Si démocratique qu’elle se veuille, une société n’est viable que si elle organise en son sein une juste répartition des pouvoirs. L’exercice même de ce pouvoir pourra être revêtu de modalités fort diverses. Longtemps ce fut en termes de pouvoir direct ou indirect que des confessions religieuses comme l’Église catholique ont conçu leur mode d’articulation avec le pouvoir politique. Lorsque Gambetta s’écriait « le cléricalisme, voilà l’ennemi », c’est que l’affranchissement du pouvoir ecclésial lui paraissait l’objectif principal du combat pour les libertés publiques.

Le terme « cléricalisme » n’est pas né du hasard. Il désigne ici, dans un contexte de société historiquement catholique, une situation qui a eu pour conséquence dans les esprits l’assimilation du pouvoir de l’Église à celui des clercs. Si dans une situation troublée, face à de graves abus manifestes, le pape François a dénoncé le cléricalisme, c’est en vertu d’une analogie entre ce que fut l’emprise de l’Église sur la société et ce qu’a été ou qui demeure dans l’Église elle-même le pouvoir des clercs. En effet, nous ne pouvons pas dissocier notre vision des rapports de l’Église avec la société du système des rapports entre clercs et fidèles laïcs dans l’Église. D’où le recours au cléricalisme pour définir bien des abus du pouvoir.

Lorsque Vatican II pose comme principe de vie en Église « l’égalité entre tous » (constitution Lumen gentium – n° 31), c’est en envisageant bien sûr la reconnaissance des différences entre fonctions. On parle de différences et en vertu du réflexe séculaire, on continue de penser aisément en termes de supériorité. Comme si la supériorité des uns sur les autres, en fait des clercs sur les laïcs, pouvait être une forme d’application de la supériorité du spirituel sur le temporel, qui en 1302, sous la plume du pape Boniface VIII (Unam sanctam), servait à légitimer la subordination du pouvoir politique à l’autorité ecclésiale. Les schémas ont changé, le langage s’est renouvelé. Mais jusqu’où ont pu aller non seulement les mentalités mais aussi les fonctionnements, pour que l’égalité puisse être vécue au sein des différences ? C’est la question qui est encore devant nous. Car l’ordination sacramentelle, qu’il fallait réaffirmer face à Luther, a servi et sert encore à légitimer une forme de supériorité par rapport à « l’être chrétien » qui demeure le fondement radical de l’existence des croyants en Christ.
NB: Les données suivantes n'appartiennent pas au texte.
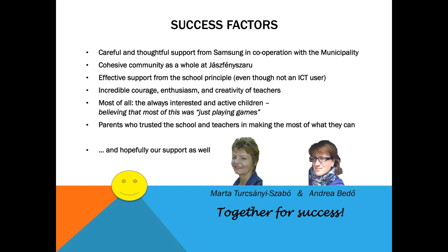We hereby thank the support from the school principal, municipality, whole community, and Samsung itself.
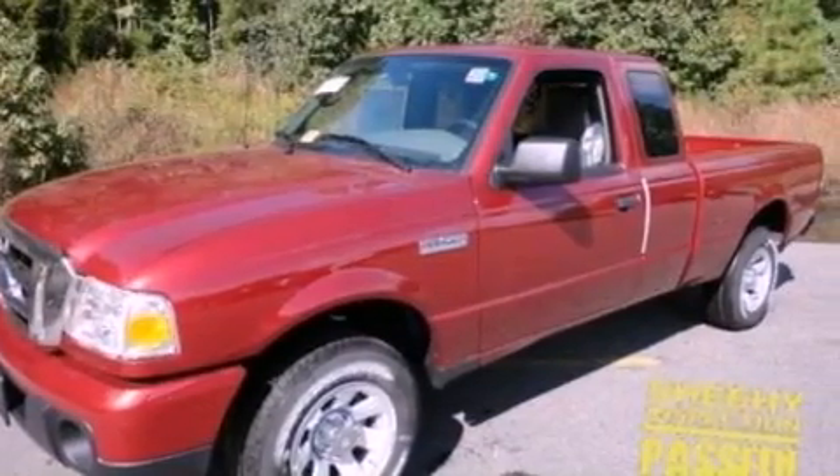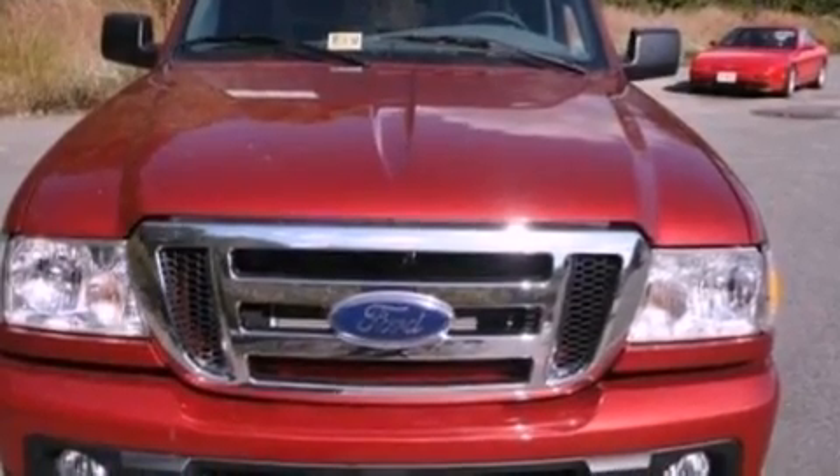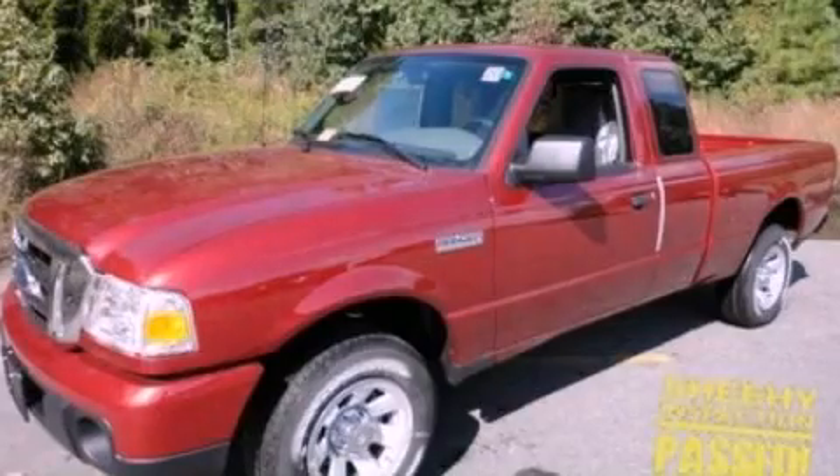With an EPA estimated rating of 27 miles per gallon on the highway, this automobile pays off in the long run. Stop by today and test drive this automobile for yourself.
Il n’est pas jusqu’au sacerdoce qui ne soit invoqué à la manière d’une tranquille confiscation par les clercs. Ce qui est reconnu aux chrétiens laïcs reste dans les esprits de l’ordre de la délégation par les clercs au lieu d’être résolument fondé sur le sacerdoce commun des baptisés. Difficile alors d’en exclure, jusqu’à la racine, ce sentiment de « domination » contre lequel l’Apôtre Pierre mettait en garde ceux qui pour le ministère avaient reçu l’imposition des mains (1re épître 5, 1-sq). La visée doit être l’exercice de notre commune responsabilité de l’unique sacerdoce du Christ (épître aux Hébreux 9, 11-14). Nous ne savons pas clairement la signifier.
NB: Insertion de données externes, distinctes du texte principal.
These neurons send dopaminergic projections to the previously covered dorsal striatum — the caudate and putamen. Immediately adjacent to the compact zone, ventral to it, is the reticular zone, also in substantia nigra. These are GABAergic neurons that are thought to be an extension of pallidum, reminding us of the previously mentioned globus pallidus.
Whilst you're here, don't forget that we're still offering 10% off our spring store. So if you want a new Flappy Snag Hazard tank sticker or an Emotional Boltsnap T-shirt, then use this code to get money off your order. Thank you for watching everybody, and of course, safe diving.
Quand l’Église recouvrait la société en son ensemble, la différence entre le fait d’être chrétien et ne pas l’être s’est en quelque sorte effacé dans la société comme réalité visible et signifiante. Il semble que l’Église ait été amenée progressivement à remplacer cette différence par celle entre clercs et laïcs affichée à l’excès. Avec l’effet, socialement parlant, d’identifier l’Église à son clergé.
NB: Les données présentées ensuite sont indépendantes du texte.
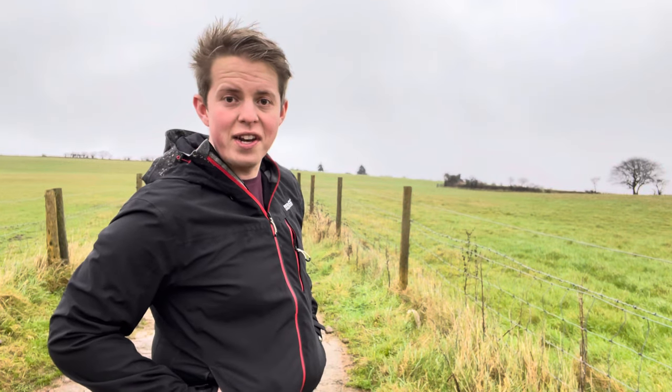Come for a walk on the Mendips with me and let's go and find an abandoned town that was used to keep Bristol safe during World War II. And it's up there in the creepy mist. Come on then.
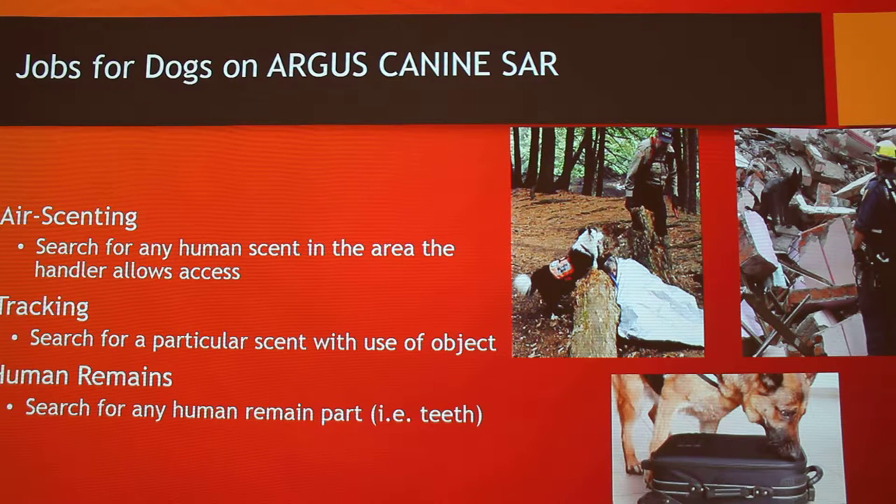Can a dog do all three, or do you have to choose? You train them for one. That's what I always thought — when dogs are trained you focus in on one talent. When we practiced, all the dogs would stay in the vehicles and come out one at a time, and you'd have to switch the entire practice based on which dog was out. So each dog can only pick one area. Air scenting — just looking for human scent in general — is the most common, at least for our team.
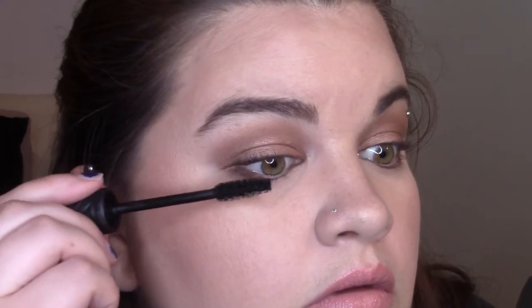I'm going to use the Essence Volume Style Mascara on my top and bottom lashes to finish up the look.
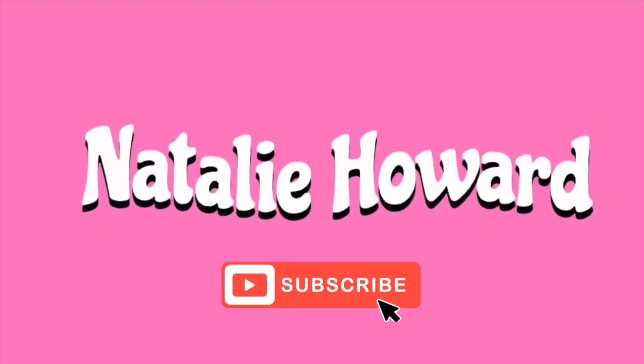Hey guys, what's up, it's Natalie! Thank you so much for clicking on this video. Don't forget to press the subscribe button down here so that you can join the family. I'm trying to grow this channel and make consistent content for you guys, so don't forget to subscribe.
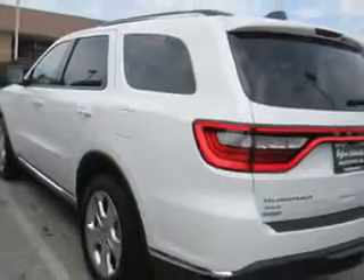And here it is. Check out this bright white clear coat 2014 Dodge Durango SUV AWD, equipped with a six-cylinder engine.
Tout ce qui devrait valoriser le sacerdoce commun, surtout pour les nouveaux venus à la foi et au baptême, mérite un effort de pédagogie pastorale vigoureux. Pendant toute une époque l’intention positive d’exprimer la vocation des chrétiens laïcs a donné naissance à la catégorie « laïcat ». Malheureusement le fait d’une sorte de bipartition, aux laïcs le monde, aux clercs l’Église, a laissé l’impression d’une Église demeurant trop l’Église du clergé. Les chrétiens sont ensemble responsables du service du dessein de Dieu sur le monde.